*** Dataset section Section Begins ***
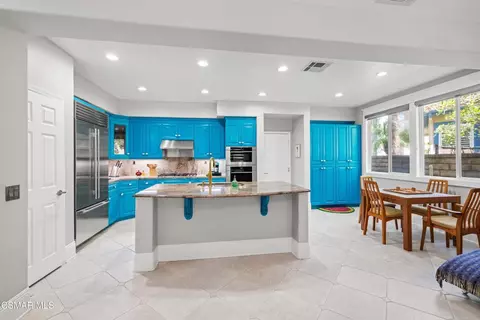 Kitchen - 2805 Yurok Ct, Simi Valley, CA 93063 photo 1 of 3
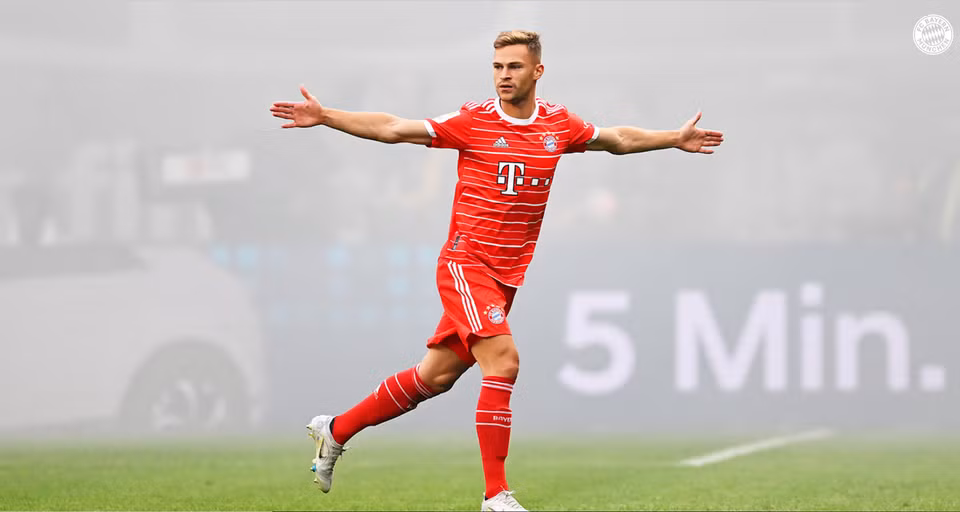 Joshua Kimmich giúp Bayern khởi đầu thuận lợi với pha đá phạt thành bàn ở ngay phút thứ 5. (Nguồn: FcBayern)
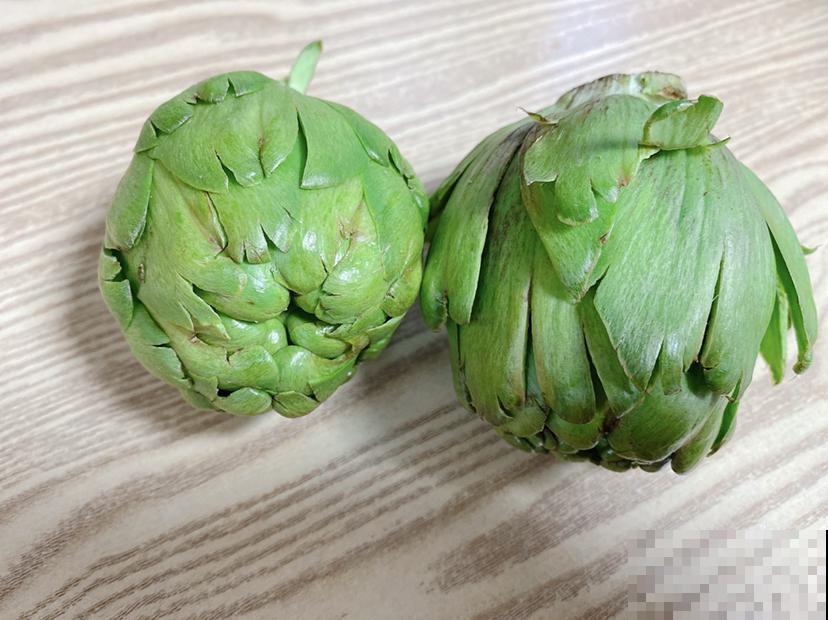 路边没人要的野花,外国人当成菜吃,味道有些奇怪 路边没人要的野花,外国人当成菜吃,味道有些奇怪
*** Dataset section Section Ends ***
Required work. Your task is to reproduce exactly the lines from the one that holds "Joshua Kimmich giúp" to the last line of the listing, and only those, omitting the pictures.

Answer to the problem.
 Joshua Kimmich giúp Bayern khởi đầu thuận lợi với pha đá phạt thành bàn ở ngay phút thứ 5. (Nguồn: FcBayern)
 路边没人要的野花,外国人当成菜吃,味道有些奇怪 路边没人要的野花,外国人当成菜吃,味道有些奇怪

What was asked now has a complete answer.